____ Dataset entries

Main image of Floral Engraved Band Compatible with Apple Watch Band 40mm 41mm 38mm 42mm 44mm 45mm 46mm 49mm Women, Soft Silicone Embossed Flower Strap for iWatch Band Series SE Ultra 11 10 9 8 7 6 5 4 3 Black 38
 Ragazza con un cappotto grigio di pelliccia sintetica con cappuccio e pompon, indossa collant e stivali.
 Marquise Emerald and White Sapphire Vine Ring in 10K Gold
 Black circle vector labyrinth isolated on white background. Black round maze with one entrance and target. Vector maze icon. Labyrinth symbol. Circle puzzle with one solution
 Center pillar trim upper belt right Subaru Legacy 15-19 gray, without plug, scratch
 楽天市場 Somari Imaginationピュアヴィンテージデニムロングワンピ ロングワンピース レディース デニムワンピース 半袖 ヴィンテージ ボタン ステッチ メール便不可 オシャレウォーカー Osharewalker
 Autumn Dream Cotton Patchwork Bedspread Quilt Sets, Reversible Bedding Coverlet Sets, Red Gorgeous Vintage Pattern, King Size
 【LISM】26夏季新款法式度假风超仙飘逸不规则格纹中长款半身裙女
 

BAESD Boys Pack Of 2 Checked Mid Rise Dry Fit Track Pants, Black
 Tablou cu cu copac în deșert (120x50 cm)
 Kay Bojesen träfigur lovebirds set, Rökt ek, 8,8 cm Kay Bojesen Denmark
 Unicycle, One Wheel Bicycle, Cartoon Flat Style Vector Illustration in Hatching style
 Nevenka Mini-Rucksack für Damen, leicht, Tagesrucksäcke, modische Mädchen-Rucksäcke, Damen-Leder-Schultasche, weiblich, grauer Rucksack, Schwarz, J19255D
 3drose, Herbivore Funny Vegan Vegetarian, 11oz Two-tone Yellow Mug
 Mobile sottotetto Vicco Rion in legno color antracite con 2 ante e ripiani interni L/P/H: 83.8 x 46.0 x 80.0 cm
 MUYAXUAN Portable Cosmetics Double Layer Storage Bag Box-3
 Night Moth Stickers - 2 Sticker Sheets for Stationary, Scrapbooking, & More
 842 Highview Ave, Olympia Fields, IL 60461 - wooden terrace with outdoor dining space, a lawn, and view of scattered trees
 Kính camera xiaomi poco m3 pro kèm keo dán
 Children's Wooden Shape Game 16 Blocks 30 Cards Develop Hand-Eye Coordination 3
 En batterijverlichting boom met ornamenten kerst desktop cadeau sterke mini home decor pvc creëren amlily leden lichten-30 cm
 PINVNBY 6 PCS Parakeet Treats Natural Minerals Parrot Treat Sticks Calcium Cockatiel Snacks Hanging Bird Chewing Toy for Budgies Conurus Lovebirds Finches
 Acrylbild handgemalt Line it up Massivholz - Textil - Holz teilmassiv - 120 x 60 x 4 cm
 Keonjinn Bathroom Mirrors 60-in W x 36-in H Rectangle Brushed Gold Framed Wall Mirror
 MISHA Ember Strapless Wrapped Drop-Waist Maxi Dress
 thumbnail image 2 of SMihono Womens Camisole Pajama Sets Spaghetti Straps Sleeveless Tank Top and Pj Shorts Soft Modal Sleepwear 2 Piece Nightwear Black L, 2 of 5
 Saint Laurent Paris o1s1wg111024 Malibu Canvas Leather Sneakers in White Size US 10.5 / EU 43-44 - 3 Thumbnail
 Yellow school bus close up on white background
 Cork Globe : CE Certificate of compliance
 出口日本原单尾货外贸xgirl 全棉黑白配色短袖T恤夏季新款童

________

▶ [What the exercise asks] Take every line above where "Sets" appears and copy it.

▶ [Exercise answer]
 Autumn Dream Cotton Patchwork Bedspread Quilt Sets, Reversible Bedding Coverlet Sets, Red Gorgeous Vintage Pattern, King Size
 thumbnail image 2 of SMihono Womens Camisole Pajama Sets Spaghetti Straps Sleeveless Tank Top and Pj Shorts Soft Modal Sleepwear 2 Piece Nightwear Black L, 2 of 5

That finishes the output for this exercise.